However, if I use GCD’s concurrentPerform, it will interleave the massively parallelized work with activity on the main thread (even if the GCD work is performed with a wildly inappropriately high QoS, even .userInteractive).

To be clear, I’ve been a performance specialist on the Swift Standard Library team since 2018, and on the Foundation team for the 9 years before that.

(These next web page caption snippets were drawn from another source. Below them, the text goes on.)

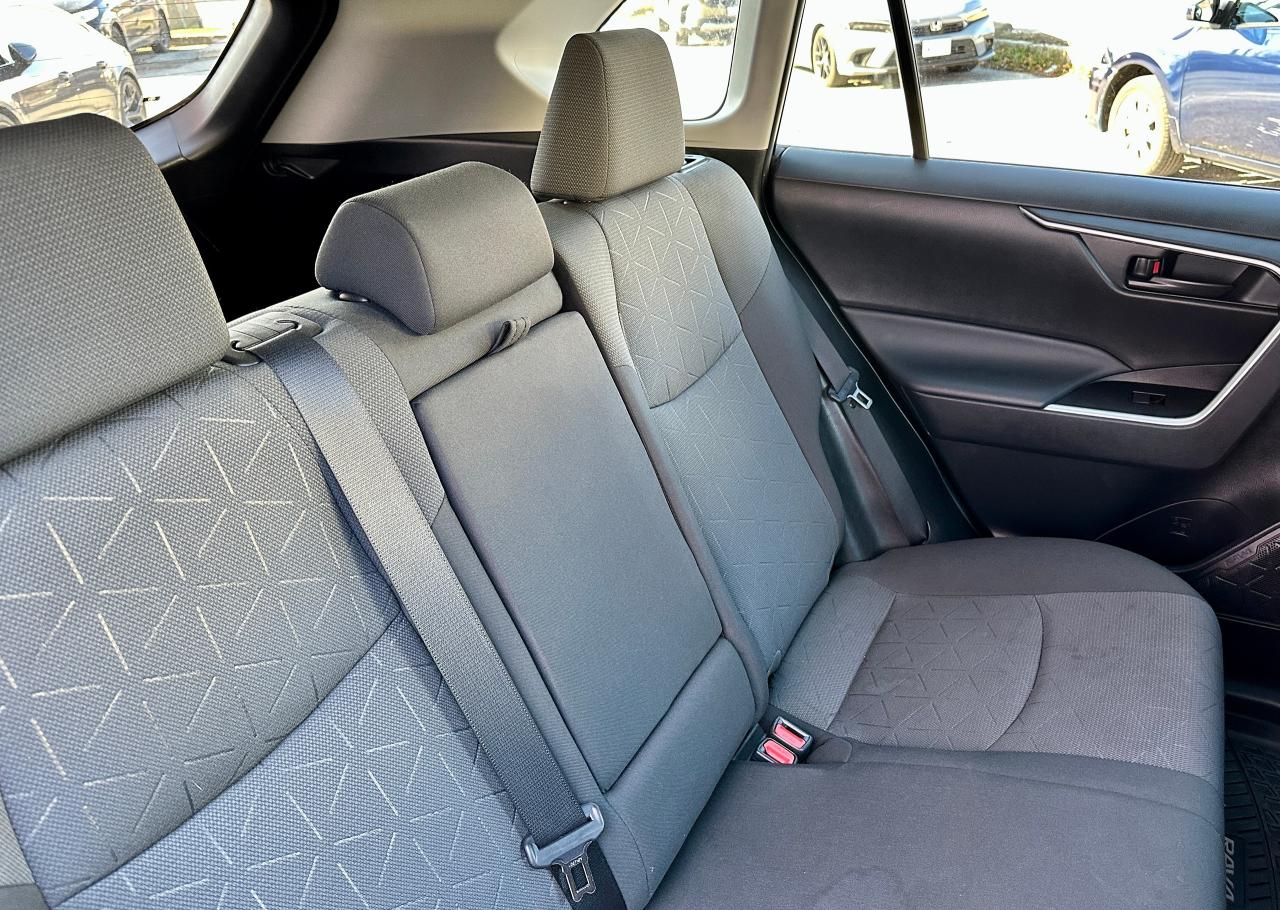 2022 Toyota RAV4 LE | NO ACCIDENTS | HEATED SEATS | BACK UP CAM Photo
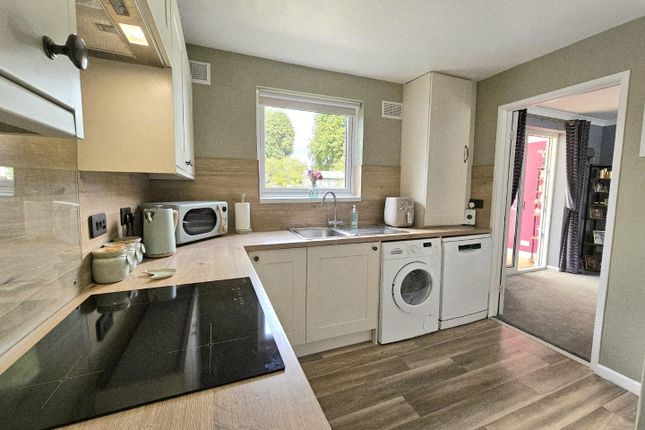 7, Whiteway Close, Dursley photo 3
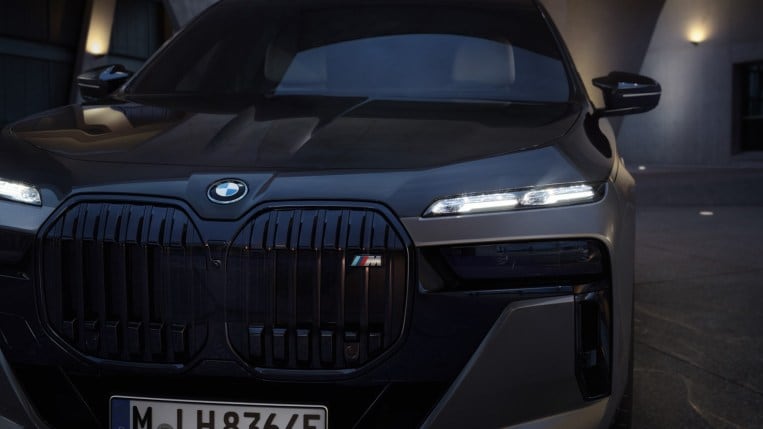 2023 BMW I7 M70 SDrive Head On Detail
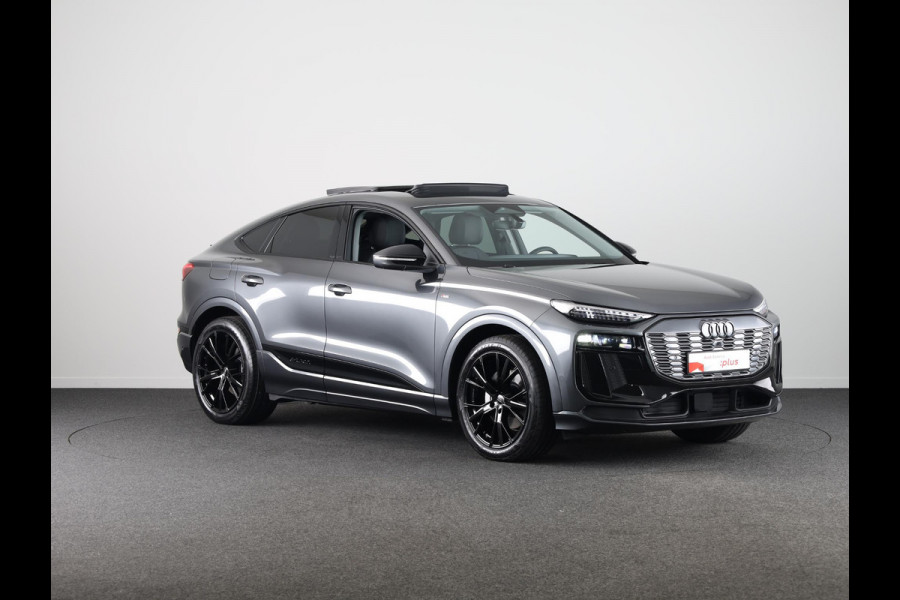 Audi Q6 Sportback e-tron Advanced edition 83 kWh 252pk | Panoramadak | Lederen bekleding | Luchtvering | 21 inch Lichtmetalen velgen Audi Q6 Sportback e-tron Advanced edition 83 kWh 252pk | Panoramadak | Lederen bekleding | Luchtvering | 21 inch Lichtmetalen velgen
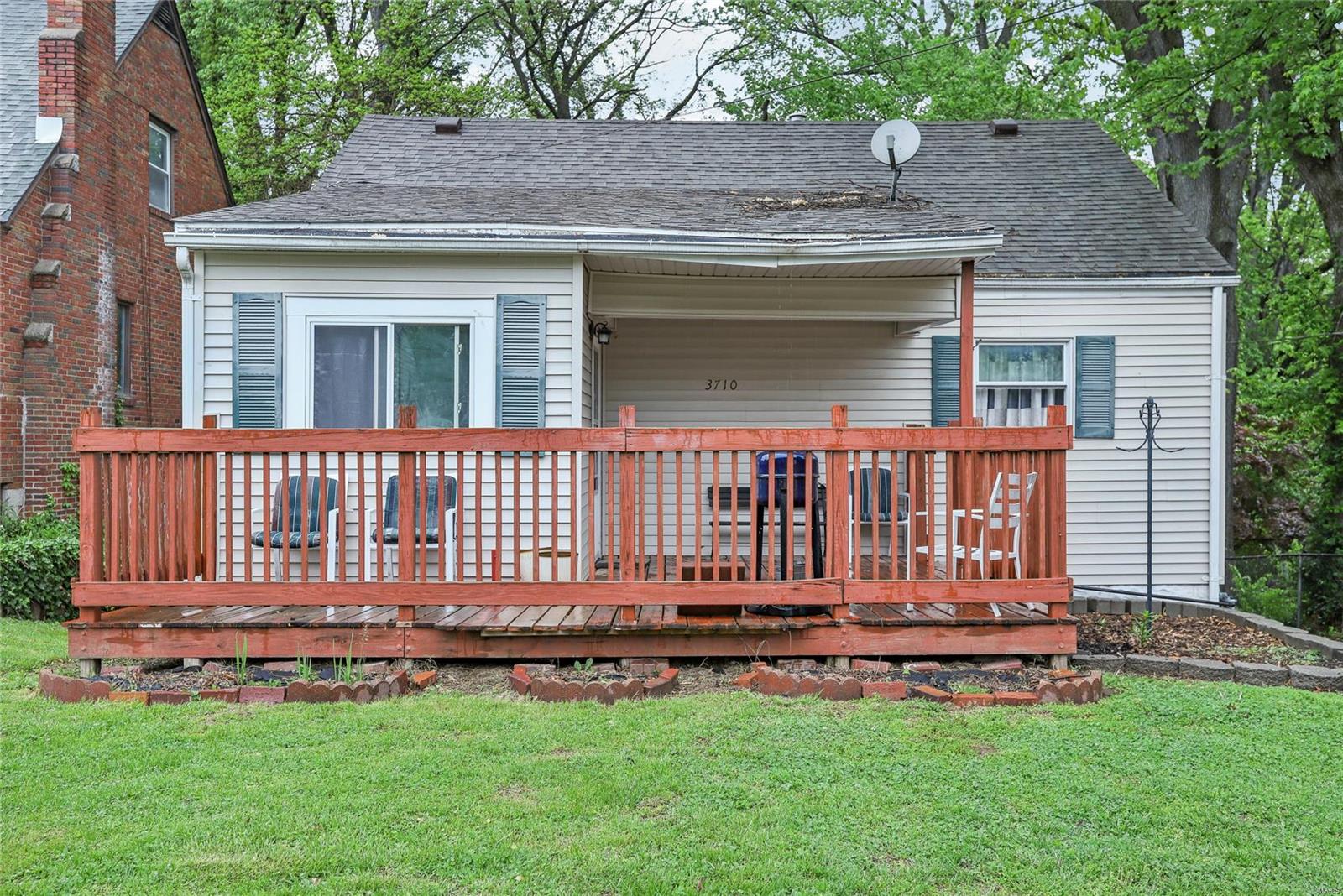 2 Bedroom, 861 sq. feet 3710 Aberdeen Avenue Alton, IL
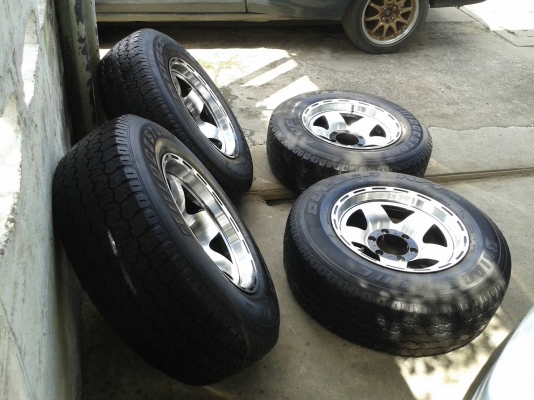 ล้อใหม่ขอบ16นิ้ว6รู พร้อมยาง ชุดนี้ ราคา 7800 บาท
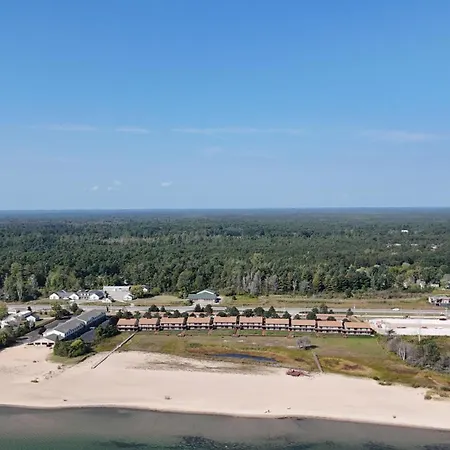 New! Carpe Diem 365 - Very Cute Lakefront Condo!
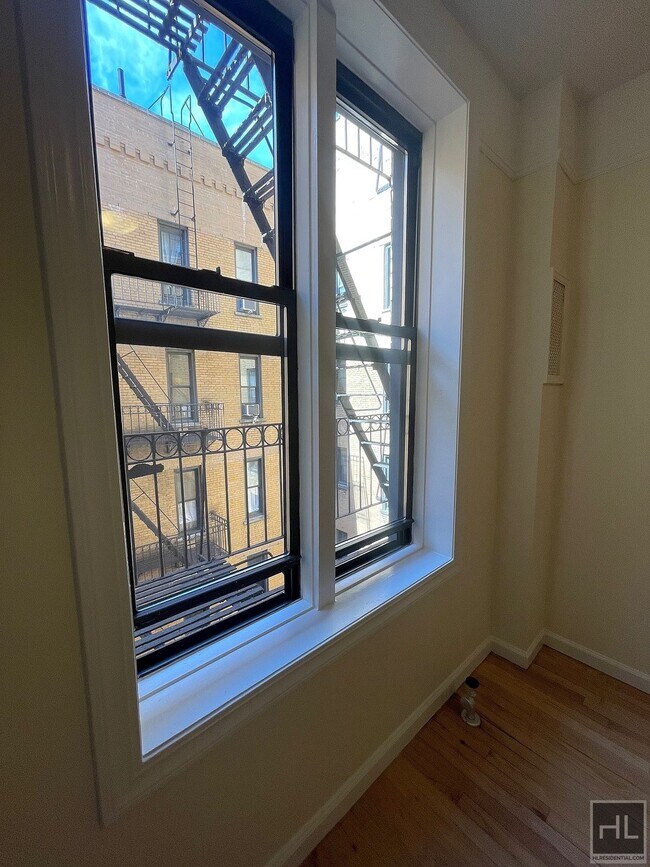 Foto del edificio - WEST 45 STREET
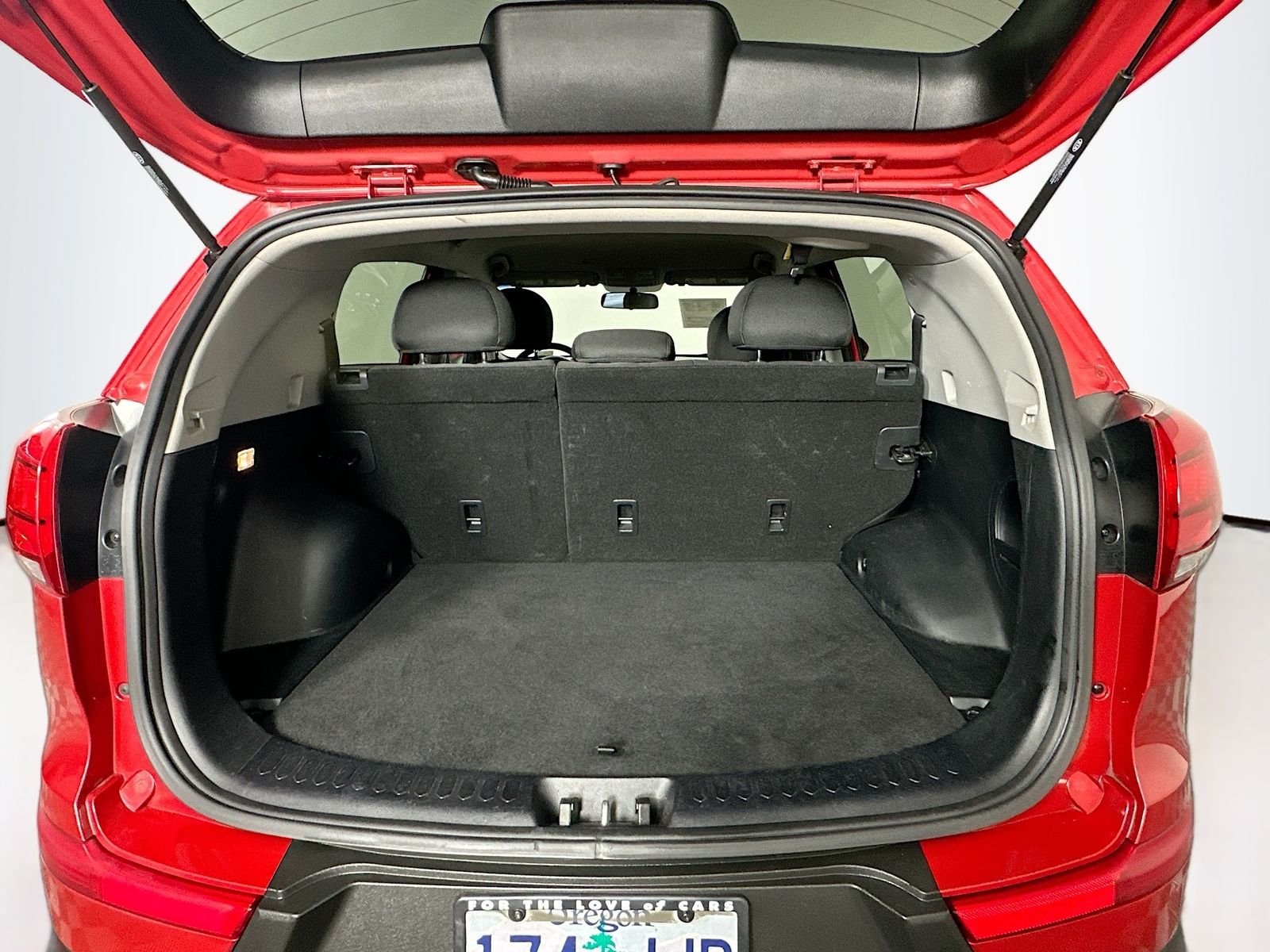 Used 2014 Signal Red Kia LX image 24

The hang you report is interesting though, that shouldn’t be happening. I can try to take a look tomorrow.

7 Likes

Can you expand on why it shouldn't be happening? As far I understand, the concurrency thread pool is dynamic up to the number of logical cores on the device. With the main queue, that's logical cores + 1, so, naively, I'd expect filling the concurrency pool to block the main queue if the work is the same priority. Is the main queue supposed to always be higher priority (by default I didn't think so)? Or perhaps a bug in priority handling at the runtime (I seem to recall similar bugs in the past) or OS (less likely) level? To me, the simplest solution would be for the concurrency pool maximum to be the logical core count - 1, for platforms with an additional main queue.

1 Like

My understanding was that the main thread has an implicit higher priority than the threads created by the concurrency thread pool. So that under congestion the main thread is guaranteed to remain responsive.

2 Likes

That’s right, the kernel scheduler should be preemptively switching between the N+1 threads, so the worst case scenario should be degraded responsiveness due to contention, not a hang. I’m wondering if there’s a shared resource in a framework that all the threads are piling up on, I’m going to see if I can find time to make a test project from your code and reproduce the issue myself.

1 Like

Right. The main thread is a separate thread from the global pool. If that thread isn't blocked, it should be getting scheduled by the kernel with proper respect to its priority. That priority is higher than anything that you can request through a normal API. Exactly how that plays out is obviously up to the kernel — a lot of kernels won't permanently starve lower-priority threads just because there's higher-priority work to do, they just get less and less time the more congested the system is — but still, generally the main thread should be getting all the CPU time it needs.

1 Like

As far as I remember, most OS's use Multi-Level Round Robin with priority escalation, so I don't see how, under normal circumstances, the main thread can become completely unresponsive. I assume this is a weird bug somewhere.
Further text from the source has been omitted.